Only a fraction of the genes in a cell are expressed at any one time. The variety of gene expression profiles characteristic of different cell types arise because these cells have distinct sets of transcription regulators. Some of these regulators work to increase transcription, whereas others prevent or suppress it.
Normally, transcription begins when an RNA polymerase binds to a so-called promoter sequence on the DNA molecule. This sequence is almost always located just upstream from the starting point for transcription (the 5′ end of the DNA), though it can be located downstream of the mRNA (3′ end). In recent years, researchers have discovered that other DNA sequences, known as enhancer sequences, also play an important part in transcription by providing binding sites for regulatory proteins that affect RNA polymerase activity. Binding of regulatory proteins to an enhancer sequence causes a shift in chromatin structure that either promotes or inhibits RNA polymerase and transcription factor binding. A more open chromatin structure is associated with active gene transcription. In contrast, a more compact chromatin structure is associated with transcriptional inactivity.

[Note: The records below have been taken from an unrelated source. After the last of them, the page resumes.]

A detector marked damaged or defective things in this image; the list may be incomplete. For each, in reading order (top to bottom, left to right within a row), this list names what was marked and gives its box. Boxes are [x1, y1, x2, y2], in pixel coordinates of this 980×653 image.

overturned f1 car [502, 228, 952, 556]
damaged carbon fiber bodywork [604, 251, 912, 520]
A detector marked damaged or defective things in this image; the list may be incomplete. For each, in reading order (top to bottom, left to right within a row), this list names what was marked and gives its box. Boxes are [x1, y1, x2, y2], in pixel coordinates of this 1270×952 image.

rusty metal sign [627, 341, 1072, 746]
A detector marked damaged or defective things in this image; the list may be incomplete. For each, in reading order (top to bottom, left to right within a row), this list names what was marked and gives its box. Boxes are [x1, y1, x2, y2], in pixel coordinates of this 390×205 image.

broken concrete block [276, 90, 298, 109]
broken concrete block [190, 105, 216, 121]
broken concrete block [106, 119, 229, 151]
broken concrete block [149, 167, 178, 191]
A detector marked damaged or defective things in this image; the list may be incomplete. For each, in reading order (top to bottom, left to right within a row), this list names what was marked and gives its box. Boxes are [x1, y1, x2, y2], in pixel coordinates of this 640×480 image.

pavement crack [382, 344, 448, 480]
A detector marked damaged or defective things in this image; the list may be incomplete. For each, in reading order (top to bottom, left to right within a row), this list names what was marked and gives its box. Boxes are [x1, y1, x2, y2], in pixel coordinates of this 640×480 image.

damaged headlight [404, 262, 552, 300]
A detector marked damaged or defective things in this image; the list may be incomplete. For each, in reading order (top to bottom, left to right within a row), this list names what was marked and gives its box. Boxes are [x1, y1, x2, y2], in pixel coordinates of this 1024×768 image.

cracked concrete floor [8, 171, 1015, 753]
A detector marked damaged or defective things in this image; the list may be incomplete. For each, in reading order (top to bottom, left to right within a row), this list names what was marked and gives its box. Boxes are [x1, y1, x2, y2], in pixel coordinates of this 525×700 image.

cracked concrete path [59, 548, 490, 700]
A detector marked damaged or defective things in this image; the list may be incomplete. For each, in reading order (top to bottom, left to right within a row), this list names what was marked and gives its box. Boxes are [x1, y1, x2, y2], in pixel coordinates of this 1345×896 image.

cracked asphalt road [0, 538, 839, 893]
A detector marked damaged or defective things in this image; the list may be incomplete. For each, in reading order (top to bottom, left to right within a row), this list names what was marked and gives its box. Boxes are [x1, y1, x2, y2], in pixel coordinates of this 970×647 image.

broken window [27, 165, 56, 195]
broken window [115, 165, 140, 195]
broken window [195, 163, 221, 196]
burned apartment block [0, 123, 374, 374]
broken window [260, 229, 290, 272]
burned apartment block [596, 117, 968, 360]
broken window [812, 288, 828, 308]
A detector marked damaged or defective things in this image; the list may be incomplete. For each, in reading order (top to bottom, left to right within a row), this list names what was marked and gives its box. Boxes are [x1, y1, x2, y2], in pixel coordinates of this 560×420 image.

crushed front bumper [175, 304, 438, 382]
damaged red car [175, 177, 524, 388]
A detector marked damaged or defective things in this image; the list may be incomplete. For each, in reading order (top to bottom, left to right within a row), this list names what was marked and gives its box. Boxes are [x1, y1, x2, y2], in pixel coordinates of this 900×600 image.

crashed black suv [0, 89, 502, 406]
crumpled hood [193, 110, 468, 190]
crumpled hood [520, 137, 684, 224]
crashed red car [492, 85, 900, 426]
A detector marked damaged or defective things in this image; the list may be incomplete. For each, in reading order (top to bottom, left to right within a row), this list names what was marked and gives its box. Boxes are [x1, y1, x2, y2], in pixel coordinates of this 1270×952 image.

Some regulatory proteins affect the transcription of multiple genes. This occurs because multiple copies of the regulatory protein binding sites exist within the genome of a cell. Consequently, regulatory proteins can have different roles for different genes, and this is one mechanism by which cells can coordinate the regulation of many genes at once.
Modulation of transcription
An activator protein bound to DNA at an upstream enhancer sequence can attract proteins to the promoter region that activate RNA polymerase (green) and thus transcription. The DNA can loop around on itself to cause this interaction between an activator protein and other proteins that mediate the activity of RNA polymerase.
How Is Gene Expression Increased or Decreased in Response to Environmental Change?
In prokaryotes, regulatory proteins are often controlled by nutrient availability. This allows organisms such as bacteria to rapidly adjust their transcription patterns in response to environmental conditions. In addition, regulatory sites on prokaryotic DNA are typically located close to transcription promoter sites — and this plays an important part in gene expression.
Transcription repressioear the promoter region.
Molecules can interfere with RNA polymerase binding. An inactive repressor protein (blue) can become activated by another molecule (red circle). This active repressor can bind to a region near the promoter called an operator (yellow) and thus interfere with RNA polymerase binding to the promoter, effectively preventing transcription.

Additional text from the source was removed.